Siamo vicinissimi all’8 giugno, data delle elezioni generali (anticipate) nel Regno Unito, quasi un anno esatto dopo il voto a favore della Brexit.
L’esito della consultazione fino a qualche giorno fa sembrava scontato: un plebiscito in favore dei conservatori di Theresa May. Nelle ultime settimane però il vantaggio dei Tory si è ridotto: abbastanza da dare speranze ai laburisti di Jeremy Corbyn? Vediamo insieme la situazione attuale…
Britain Elects riassume il trend elettorale a 6 giorni dal voto (non è considerata la Scozia e manca quindi lo SNP): da una parte abbiamo il Labour ai suoi massimi dal 2014; dall’altra i conservatori negli ultimi giorni sono in calo, per la prima volta dopo molto tempo, e attualmente sono intorno al 44,3%. È un vantaggio comunque considerevole, e che va letto in ogni caso alla luce del sistema elettorale maggioritario in vigore oltremanica per le 650 constituencies.

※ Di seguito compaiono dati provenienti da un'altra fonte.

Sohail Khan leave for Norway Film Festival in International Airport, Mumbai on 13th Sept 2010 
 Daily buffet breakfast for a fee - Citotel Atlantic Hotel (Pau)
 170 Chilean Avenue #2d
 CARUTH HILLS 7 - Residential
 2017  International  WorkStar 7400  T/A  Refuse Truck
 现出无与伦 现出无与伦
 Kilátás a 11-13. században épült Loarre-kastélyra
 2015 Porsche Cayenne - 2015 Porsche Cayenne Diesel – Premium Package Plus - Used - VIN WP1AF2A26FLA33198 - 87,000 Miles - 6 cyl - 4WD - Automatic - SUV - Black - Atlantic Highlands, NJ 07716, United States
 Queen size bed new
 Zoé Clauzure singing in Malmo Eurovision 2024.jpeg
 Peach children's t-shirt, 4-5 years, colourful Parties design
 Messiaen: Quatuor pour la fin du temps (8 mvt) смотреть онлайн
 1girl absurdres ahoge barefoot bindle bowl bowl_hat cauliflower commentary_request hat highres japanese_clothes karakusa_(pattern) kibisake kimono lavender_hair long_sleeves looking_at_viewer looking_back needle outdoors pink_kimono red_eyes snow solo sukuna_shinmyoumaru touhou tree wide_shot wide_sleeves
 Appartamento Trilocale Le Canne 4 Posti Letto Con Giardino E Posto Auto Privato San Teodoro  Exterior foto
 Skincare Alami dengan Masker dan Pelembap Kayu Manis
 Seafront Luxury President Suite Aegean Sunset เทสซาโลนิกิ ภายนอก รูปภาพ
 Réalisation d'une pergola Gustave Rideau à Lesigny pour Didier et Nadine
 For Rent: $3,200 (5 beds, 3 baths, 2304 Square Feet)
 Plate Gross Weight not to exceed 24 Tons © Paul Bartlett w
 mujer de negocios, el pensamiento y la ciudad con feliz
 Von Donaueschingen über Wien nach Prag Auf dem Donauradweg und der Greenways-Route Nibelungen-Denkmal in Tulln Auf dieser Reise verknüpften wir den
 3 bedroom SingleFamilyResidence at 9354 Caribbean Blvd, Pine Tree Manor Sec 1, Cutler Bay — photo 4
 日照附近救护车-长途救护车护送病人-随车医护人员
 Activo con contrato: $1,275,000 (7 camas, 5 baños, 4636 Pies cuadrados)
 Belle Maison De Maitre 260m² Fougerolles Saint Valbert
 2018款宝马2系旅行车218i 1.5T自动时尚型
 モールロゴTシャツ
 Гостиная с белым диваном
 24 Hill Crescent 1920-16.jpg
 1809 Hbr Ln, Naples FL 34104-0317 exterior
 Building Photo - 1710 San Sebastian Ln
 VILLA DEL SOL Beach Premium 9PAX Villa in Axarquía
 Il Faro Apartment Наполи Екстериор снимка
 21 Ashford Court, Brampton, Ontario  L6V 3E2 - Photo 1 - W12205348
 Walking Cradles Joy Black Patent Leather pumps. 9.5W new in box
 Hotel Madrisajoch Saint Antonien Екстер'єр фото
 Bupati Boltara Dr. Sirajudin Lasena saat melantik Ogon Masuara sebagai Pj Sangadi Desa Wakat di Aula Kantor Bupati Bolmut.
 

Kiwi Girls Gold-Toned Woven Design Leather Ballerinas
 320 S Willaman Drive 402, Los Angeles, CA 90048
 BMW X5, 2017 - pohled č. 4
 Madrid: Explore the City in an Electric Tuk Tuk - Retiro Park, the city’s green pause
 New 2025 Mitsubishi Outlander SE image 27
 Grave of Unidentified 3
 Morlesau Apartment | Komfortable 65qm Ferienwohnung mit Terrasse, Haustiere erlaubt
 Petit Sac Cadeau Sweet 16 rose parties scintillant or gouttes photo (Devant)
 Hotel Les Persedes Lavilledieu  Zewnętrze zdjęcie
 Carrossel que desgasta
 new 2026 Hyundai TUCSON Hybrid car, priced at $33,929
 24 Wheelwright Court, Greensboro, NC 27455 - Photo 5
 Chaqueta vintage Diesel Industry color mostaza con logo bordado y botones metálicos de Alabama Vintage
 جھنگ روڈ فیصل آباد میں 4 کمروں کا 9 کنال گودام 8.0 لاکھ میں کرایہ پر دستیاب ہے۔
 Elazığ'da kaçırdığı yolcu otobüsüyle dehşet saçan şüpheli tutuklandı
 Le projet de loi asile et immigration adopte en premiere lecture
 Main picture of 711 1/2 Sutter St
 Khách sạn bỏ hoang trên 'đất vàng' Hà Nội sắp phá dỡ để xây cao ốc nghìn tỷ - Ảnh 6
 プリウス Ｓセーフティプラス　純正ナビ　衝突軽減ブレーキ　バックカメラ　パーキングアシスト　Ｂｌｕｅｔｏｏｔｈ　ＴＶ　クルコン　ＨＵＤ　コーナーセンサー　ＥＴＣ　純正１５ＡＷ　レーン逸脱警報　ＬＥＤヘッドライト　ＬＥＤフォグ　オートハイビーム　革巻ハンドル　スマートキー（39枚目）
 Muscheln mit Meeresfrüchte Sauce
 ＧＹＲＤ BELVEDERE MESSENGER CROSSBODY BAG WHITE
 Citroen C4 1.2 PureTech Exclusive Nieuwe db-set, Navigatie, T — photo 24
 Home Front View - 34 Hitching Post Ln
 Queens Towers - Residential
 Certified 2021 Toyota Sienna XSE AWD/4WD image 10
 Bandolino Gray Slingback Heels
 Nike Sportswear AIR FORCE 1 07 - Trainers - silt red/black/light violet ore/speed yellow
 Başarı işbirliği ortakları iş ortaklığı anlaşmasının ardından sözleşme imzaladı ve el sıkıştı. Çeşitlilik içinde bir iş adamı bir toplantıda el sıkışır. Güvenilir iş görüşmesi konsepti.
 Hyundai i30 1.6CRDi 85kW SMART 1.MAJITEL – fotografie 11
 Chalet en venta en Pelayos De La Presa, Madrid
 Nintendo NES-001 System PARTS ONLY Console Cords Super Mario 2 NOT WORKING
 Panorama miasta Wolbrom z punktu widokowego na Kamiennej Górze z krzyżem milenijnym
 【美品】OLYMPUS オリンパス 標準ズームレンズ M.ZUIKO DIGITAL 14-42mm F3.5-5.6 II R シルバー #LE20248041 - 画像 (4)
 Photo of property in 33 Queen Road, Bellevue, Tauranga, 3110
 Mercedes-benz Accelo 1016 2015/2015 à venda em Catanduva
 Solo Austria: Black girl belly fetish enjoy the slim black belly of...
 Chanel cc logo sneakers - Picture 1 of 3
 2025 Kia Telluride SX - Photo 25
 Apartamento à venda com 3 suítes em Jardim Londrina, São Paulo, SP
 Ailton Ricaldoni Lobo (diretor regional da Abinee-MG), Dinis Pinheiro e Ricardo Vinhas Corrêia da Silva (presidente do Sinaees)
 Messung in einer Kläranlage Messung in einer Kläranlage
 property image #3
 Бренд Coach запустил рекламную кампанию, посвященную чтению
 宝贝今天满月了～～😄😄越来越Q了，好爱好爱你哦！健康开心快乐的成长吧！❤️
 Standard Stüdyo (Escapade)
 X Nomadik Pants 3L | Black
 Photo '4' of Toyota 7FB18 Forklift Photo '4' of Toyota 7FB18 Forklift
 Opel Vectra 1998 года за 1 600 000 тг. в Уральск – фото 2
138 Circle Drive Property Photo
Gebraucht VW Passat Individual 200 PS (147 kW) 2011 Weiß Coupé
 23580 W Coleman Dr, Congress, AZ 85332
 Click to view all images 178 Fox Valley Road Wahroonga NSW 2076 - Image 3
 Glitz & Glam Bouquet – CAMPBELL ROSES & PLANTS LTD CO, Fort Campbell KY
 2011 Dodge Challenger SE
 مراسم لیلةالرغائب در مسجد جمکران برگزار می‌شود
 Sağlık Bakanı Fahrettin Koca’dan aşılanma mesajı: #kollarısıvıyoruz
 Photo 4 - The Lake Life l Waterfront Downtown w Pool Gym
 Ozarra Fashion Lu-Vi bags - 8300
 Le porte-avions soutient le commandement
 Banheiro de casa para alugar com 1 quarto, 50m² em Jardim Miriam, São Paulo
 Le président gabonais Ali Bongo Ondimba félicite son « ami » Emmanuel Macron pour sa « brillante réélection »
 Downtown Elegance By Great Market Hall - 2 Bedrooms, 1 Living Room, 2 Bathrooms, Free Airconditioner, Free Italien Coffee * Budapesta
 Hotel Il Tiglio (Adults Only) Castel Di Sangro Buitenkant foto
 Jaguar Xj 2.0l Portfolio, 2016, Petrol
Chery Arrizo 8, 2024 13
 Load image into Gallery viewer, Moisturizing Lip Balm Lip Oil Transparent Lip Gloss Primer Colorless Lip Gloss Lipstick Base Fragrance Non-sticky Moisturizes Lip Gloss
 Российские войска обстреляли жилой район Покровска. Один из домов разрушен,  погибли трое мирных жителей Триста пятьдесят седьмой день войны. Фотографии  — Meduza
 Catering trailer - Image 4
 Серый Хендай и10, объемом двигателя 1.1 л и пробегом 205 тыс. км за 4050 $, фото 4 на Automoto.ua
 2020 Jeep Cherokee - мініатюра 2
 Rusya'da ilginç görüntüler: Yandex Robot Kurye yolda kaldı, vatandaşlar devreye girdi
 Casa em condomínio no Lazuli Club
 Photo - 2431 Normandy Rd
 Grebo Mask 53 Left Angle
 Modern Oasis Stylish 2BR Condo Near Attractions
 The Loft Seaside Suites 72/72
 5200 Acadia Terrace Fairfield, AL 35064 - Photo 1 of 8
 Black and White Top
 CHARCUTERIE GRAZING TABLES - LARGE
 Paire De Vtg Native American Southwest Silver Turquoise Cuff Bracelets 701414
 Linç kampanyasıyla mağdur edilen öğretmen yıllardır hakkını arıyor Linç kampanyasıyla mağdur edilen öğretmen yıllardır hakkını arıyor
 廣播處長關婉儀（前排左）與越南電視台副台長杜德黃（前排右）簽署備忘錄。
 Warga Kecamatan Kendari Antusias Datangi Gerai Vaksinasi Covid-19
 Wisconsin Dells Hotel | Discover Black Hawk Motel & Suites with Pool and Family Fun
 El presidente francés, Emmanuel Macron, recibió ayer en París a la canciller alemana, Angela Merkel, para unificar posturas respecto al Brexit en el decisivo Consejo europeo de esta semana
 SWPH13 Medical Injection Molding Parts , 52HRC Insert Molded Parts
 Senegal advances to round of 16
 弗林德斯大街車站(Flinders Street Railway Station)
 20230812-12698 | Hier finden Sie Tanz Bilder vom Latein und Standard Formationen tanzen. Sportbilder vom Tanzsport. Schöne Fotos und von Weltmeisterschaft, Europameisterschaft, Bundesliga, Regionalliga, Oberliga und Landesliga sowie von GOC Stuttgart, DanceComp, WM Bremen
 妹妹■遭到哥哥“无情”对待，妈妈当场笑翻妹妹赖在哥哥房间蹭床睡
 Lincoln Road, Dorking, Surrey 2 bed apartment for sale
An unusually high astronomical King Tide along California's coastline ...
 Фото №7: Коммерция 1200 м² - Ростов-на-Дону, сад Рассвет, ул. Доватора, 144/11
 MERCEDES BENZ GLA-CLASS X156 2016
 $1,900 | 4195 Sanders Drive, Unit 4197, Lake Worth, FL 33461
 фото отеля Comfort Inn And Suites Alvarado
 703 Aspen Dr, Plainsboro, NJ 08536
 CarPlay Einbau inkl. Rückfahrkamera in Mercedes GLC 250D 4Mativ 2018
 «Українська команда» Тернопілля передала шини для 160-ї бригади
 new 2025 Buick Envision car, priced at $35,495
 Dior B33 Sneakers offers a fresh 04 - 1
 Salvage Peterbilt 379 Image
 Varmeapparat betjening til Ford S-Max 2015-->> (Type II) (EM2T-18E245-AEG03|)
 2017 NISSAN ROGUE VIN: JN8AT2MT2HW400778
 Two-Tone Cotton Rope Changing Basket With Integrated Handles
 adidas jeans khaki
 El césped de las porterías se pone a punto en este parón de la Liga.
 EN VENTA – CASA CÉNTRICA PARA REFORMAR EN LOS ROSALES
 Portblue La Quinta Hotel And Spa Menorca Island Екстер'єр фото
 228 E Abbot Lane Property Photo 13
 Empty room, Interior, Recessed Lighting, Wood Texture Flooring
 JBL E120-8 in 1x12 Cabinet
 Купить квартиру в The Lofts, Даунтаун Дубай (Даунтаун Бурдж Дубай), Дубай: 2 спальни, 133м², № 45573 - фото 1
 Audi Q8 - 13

Nel complesso i due partiti principali sembrano godere di una salute migliore rispetto agli ultimi anni, con un ritorno a un bipolarismo sconosciuto nella recente politica britannica.
Un vantaggio Tory considerevole che però, a sorpresa, potrebbe non essere sufficiente. Non lo è almeno per YouGov, che prevede allo stato attuale un hung parliament in seguito al voto, con in conservatori a 313 seggi e non in grado di ottenere una maggioranza autonoma. Quella di YouGov è una proiezione in controtendenza rispetto agli altri istituti come Britain Elects o Election Forecast.
Perché questa differenza? Cambia il metodo di proiezione, dato che YouGov adotta un algoritmo differente che tiene conto di più variabili, chiamato Multilevel Regression and Post-stratification: nell’algoritmo sono considerati variabili come la data del sondaggio, la constituency, i dati demografici e le passate abitudini di voto dei rispondenti, insieme ad altre variabili. Di fatto, i comportamenti e le analisi degli istituti di sondaggi elettorali sono cambiati nel corso degli ultimi anni, con un’evoluzione dei metodi e delle previsioni. Ipsos MORI, per esempio, “pesa” maggiormente i propri numeri, mentre YouGov ammette esplicitamente di tenere conto della probabilità di andare a votare in base ai dati demografici o alle passate consultazioni.
Questo rende i dati più fluidi ma forse più leggibili. Si è citato il caso americano, dove la stragrande maggioranza dei giovani si è dichiarata prima di novembre a favore di Clinton contro Trump: tuttavia il numero di giovani elettori è stato sovrastimato rispetto alla realtà. Come sono i dati demografici in UK? Ci pensa l’Economist a fare ordine.
Forse non sarà sorprendente notare come tra i più giovani i laburisti siano nettamente avanti con quasi il 60% delle preferenze.
Tra le fasce più anziane però il rapporto si inverte. La domanda aperta quindi sembra essere: qual è la probabilità che i più giovani si rechino alle urne con la stessa percentuale di affluenza rispetto ai meno giovani?
Pare quindi che per i laburisti di Corbyn, la partita possa riaprirsi solo se conquisteranno chi alle precedenti elezioni ha votato gli smaller parties o non si è recato alle urne. Allo stato attuale, questo è l’unico scenario che permette una rimonta tracciata dai trend ma ancora lontana nei numeri. E il rischio di fare troppo affidamento sul voto degli ex “non votanti” è che poi questi restino a casa anche l’8 giugno.
Le probabilità? Electoral Calculus assegna il 68% delle chance ai Tory di una maggioranza autonoma. Sono numeri simili alle probabilità di vittoria stimate per Hillary Clinton nel 2016, con la differenza che lo scenario Clinton-Trump era binario, mentre nel parlamento britannico le possibilità di una maggioranza composta da conservatori più altri partiti portano le speranze della May oltre l’80%.